This wasn't a random fact off the top of my head. We're doing Search and Rescue training this month, and I attended a four-hour training session on Monday night. The point was about setting priorities if you happen to be the first person to come upon someone, wounded or hypothermic or alone in the wilderness. People tend to think about food in survival situations, but you can survive without food for a long time. Water? Days. But you can die of exposure in less than a day, as our musical guest explains.
Our instructor is a man I greatly like. He's some kind of old Army, though he hasn't copped to it exactly; post-Nam Ranger, I'd guess. In his sixties he still BASE jumps and does SCUBA diving into caves. He's an old hillbilly who hates cities and has every kind of Deplorable instinct, another old Southern Democrat like me.
And just now and then, amidst his long discourse on all these topics, he'll depart into extraordinary explanations that quote physics formulas from memory and then explain how they apply to survival situations. Somebody asked him about those Mylar 'space blankets' they sell. Shouldn't we carry them to wrap up hypothermia victims so they'll warm? Nope, it turns out: his account of why they're useless in those cases was one of the most erudite things I've ever heard, coming from a guy you'd probably have thought a backwoods redneck if you didn't stop and listen to him talk for a long while.
Here's the formula, by the way. The example is of the surface of the moon, but this is physics, so it applies to the hypothermic guy who fell in a mountain creek with exactly equal force.
Next week is orienteering, which I think I know how to do. I learned it many years ago and have done quite a bit of it, but I won't be surprised if I understand it better after he's done teaching us.
6 comments:
The best first-aid advice I know for someone too out of it to drink anything warm, and already too cold to benefit simply from getting dry and inside good blankets. Do get him dry and out of the wind, then ASAP apply warm, dry compresses to the neck, chest wall, or groin. Don't apply them to the arms or legs: the extremities can tolerate cold better than the core or the brain. It's possible that the only warm, dry compress available will be your own body.

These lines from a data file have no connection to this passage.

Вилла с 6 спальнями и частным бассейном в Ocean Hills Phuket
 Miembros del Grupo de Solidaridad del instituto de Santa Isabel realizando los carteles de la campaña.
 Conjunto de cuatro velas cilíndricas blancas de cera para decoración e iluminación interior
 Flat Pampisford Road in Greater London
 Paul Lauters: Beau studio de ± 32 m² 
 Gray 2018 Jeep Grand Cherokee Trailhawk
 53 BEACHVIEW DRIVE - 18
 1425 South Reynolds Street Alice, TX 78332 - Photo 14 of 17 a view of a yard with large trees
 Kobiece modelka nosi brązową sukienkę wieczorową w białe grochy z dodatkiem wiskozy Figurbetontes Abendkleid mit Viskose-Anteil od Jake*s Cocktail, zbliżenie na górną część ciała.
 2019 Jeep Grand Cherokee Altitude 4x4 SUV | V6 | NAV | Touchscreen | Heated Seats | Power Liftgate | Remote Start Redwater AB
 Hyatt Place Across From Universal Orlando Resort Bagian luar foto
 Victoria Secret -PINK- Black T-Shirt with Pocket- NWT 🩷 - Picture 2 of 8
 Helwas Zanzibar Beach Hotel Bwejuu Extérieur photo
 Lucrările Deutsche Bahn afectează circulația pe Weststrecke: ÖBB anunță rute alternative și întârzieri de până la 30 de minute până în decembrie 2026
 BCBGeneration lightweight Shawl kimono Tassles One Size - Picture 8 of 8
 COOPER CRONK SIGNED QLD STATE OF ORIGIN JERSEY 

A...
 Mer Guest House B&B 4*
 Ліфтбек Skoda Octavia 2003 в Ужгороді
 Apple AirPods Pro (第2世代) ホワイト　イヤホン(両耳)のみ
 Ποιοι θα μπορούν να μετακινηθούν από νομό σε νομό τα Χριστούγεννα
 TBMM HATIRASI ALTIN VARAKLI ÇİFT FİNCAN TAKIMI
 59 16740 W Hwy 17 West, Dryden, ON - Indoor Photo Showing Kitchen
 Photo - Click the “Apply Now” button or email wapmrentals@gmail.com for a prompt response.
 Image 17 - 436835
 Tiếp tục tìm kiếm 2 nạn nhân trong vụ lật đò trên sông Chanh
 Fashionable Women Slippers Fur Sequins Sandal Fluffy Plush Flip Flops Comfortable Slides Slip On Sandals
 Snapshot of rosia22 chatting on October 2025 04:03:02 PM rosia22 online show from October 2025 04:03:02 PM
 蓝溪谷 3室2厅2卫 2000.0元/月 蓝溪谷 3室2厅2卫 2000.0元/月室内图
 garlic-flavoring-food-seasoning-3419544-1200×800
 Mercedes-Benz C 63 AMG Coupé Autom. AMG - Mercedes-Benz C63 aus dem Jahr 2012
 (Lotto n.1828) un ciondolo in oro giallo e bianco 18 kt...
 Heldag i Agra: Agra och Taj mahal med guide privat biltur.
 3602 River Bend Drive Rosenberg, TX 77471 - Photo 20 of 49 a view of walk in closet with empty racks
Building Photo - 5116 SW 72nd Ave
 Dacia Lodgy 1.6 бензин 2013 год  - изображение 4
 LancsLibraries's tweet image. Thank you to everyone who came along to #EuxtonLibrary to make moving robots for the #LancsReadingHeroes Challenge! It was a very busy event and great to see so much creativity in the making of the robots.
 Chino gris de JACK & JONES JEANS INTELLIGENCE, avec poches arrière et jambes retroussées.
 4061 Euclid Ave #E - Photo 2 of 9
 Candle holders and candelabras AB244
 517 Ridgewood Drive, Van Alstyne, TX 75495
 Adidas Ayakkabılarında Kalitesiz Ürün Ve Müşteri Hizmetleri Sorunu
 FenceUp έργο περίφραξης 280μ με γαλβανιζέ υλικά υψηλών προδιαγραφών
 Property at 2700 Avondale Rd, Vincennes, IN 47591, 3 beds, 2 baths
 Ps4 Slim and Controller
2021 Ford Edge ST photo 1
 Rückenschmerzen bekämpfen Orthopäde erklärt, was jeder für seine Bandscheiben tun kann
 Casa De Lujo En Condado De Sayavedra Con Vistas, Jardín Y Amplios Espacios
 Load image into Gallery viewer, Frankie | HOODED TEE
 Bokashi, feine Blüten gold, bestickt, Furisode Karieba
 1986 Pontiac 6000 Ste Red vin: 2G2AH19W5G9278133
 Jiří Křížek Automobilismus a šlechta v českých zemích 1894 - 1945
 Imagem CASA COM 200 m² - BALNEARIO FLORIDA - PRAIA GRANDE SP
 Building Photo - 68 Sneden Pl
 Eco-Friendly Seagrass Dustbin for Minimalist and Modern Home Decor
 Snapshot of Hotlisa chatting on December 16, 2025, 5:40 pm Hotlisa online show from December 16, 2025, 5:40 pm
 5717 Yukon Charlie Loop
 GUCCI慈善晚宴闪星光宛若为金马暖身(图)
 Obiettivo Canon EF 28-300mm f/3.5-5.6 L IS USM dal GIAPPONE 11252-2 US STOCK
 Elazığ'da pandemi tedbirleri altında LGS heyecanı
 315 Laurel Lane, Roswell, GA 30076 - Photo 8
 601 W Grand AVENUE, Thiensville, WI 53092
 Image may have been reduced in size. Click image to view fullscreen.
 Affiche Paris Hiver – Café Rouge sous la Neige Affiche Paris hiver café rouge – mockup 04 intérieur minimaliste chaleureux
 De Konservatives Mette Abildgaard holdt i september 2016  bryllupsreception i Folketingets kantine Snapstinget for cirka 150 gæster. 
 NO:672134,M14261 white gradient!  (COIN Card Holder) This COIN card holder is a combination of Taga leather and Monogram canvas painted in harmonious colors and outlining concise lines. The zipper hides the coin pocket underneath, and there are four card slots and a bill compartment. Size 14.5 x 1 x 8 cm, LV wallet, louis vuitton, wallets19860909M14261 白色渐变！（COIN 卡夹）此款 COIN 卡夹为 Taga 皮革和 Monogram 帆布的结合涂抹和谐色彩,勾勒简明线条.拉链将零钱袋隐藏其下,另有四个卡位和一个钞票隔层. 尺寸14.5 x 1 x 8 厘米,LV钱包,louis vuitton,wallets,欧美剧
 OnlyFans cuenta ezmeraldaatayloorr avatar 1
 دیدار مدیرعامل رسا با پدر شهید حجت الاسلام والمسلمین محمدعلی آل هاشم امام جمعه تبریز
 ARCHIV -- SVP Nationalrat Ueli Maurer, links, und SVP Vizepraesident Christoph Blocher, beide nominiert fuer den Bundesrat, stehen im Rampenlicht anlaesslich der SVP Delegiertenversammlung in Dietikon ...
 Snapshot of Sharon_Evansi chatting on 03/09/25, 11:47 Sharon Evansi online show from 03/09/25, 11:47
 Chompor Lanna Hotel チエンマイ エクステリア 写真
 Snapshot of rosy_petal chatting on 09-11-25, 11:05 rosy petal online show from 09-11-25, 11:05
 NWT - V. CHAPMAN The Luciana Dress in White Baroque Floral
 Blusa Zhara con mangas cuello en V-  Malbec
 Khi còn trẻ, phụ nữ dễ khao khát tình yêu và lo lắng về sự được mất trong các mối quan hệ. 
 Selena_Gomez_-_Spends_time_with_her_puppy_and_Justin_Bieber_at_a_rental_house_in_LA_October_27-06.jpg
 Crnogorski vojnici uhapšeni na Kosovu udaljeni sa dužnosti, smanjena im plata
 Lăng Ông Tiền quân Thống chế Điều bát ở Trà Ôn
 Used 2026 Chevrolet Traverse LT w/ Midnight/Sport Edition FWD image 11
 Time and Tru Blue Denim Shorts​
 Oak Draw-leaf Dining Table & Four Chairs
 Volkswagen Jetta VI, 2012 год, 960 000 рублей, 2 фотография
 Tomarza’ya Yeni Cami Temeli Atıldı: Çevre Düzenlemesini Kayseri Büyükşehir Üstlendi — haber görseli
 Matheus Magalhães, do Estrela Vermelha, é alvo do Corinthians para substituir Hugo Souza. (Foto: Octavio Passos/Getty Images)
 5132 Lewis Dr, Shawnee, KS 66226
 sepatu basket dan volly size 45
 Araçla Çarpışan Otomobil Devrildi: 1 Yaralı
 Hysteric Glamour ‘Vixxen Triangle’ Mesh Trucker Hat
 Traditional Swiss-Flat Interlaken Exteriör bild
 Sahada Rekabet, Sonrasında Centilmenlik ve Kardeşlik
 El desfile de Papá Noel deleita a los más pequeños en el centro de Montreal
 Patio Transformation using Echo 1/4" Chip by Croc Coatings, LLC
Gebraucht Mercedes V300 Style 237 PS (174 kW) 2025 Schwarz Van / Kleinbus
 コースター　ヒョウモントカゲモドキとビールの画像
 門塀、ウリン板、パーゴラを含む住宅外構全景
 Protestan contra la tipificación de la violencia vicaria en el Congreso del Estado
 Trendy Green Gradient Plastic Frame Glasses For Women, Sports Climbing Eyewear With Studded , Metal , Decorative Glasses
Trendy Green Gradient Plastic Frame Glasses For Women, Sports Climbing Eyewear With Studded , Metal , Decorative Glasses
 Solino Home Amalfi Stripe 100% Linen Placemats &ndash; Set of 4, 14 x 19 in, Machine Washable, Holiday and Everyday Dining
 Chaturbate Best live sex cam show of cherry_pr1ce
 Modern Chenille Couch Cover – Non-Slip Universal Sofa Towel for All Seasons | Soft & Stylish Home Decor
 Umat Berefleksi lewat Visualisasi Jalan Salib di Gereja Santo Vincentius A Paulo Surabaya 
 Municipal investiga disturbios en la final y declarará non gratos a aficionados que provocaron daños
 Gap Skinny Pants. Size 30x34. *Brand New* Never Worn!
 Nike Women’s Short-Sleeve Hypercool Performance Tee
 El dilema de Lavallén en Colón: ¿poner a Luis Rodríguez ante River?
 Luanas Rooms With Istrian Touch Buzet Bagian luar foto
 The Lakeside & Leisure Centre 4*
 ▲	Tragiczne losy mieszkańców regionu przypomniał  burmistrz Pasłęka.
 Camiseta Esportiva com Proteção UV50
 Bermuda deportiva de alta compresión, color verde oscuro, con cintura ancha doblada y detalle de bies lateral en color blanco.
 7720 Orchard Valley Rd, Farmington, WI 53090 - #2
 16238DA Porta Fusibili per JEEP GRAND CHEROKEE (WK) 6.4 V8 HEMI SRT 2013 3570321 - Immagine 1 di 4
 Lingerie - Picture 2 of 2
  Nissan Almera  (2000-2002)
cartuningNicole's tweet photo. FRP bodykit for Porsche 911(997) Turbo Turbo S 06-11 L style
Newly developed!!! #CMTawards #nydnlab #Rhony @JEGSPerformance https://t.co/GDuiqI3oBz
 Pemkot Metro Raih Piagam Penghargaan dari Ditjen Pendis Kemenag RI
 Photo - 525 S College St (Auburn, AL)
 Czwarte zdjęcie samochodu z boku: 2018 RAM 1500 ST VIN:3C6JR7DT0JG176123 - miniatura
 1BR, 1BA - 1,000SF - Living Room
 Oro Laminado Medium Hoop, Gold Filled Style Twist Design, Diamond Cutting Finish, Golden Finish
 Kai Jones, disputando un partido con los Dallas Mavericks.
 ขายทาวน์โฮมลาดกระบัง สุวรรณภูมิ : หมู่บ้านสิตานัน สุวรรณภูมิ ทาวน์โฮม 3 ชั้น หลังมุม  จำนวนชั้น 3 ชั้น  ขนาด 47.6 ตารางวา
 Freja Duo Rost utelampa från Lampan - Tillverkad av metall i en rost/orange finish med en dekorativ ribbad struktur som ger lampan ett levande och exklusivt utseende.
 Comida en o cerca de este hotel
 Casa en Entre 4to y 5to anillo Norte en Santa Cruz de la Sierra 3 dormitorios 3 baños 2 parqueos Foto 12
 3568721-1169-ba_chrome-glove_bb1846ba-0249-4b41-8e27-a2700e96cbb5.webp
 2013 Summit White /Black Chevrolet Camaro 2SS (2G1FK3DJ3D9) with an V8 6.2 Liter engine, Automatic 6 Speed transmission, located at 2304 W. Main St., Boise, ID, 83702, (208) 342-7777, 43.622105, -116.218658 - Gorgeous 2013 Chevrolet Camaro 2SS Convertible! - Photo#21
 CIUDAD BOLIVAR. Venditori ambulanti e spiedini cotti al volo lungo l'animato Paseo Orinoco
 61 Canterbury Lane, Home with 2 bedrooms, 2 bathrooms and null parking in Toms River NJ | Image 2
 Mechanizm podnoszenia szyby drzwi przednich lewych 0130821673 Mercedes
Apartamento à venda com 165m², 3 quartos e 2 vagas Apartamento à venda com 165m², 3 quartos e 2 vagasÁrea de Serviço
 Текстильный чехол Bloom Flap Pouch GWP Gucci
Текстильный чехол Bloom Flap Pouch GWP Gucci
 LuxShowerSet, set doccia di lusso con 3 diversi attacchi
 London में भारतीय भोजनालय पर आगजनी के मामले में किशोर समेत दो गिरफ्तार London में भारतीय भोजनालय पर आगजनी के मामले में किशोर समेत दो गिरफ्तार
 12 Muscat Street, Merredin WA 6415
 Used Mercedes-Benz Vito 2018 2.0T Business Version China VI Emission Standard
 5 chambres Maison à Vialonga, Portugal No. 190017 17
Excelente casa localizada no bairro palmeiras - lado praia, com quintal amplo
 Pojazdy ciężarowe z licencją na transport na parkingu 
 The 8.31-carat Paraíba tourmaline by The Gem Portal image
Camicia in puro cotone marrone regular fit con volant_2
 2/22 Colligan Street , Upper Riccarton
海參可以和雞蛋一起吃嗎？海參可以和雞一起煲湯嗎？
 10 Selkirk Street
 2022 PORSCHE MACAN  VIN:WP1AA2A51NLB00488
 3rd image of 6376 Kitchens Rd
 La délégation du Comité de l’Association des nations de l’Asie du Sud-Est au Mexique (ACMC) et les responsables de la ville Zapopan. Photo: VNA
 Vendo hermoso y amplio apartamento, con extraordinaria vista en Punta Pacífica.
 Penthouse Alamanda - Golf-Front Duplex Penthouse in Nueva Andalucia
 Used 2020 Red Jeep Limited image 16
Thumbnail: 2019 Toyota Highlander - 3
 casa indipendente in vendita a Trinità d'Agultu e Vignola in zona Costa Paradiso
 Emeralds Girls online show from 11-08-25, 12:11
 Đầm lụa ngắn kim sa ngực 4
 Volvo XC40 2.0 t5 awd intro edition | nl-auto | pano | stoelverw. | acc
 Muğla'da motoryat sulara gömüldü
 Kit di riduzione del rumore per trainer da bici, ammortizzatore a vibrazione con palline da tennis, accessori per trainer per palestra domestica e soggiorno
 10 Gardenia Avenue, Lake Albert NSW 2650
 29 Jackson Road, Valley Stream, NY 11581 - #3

Someone who's still coherent is not too bad. Shivering is a sign that things are going south, but still not too bad. If someone stops shivering, gets stupid, or even worse loses consciousness, things are critical.
About orienteering, I have no expertise, never having been left or lost in the wilderness. I do wonder about fictional characters, or acquaintances, who can completely lose track of direction on a cloudless and even moonlit night. Do they have any idea where the constellations are, or where the sun and moon rise and set? The weather would have to be pretty bad, or the canopy pretty dense, to obscure all the clues for long. I'm a city girl, and I can get disoriented when the sun is high, but sunrise and sunset are pretty strong markers.
I'm thinking particularly of the movie "The Bear," in which our hero goes down in a plane crash in remote Alaska. There's an inspiring scene in which he MacGyvers up a compass from a bit of iron floating in something or other, but he seems oblivious to the sunrise and sunset.
"Real materials emit energy at a fraction—called the emissivity—of black-body energy levels."
Black bodies emit (and absorb) radiant energy most efficiently. The more reflective the surface, the worse it is at emitting.
My own thinking--such as it is--on Mylar blankets has been that they're fairly adequate at blocking the flow of heat. That would make them OK for a normally warm person to wrap himself in to stay warm for a while by holding in his body heat, but decidedly counterproductive for wrapping a hyperthermic person in since the Mylar would block heat from getting to the cold body from the outside.
Regarding warm compresses applied to the neck of a hyperthermic person, the advice I've seen is to do that to the inside of joints, where the arteries are relatively near the surface, but don't do it to the neck. Warming the brain too quickly can cause damage.
Eric Hines
I think I should have made the conclusion explicit. Mylar by itself is not exactly great at reducing heat loss via conduction, but is quite good at reducing heat loss via radiation.
James, that's right. Also, once you're applying heat, putting the mylar over the victim *and* the heat source together can help direct the heat to the victim more efficiently.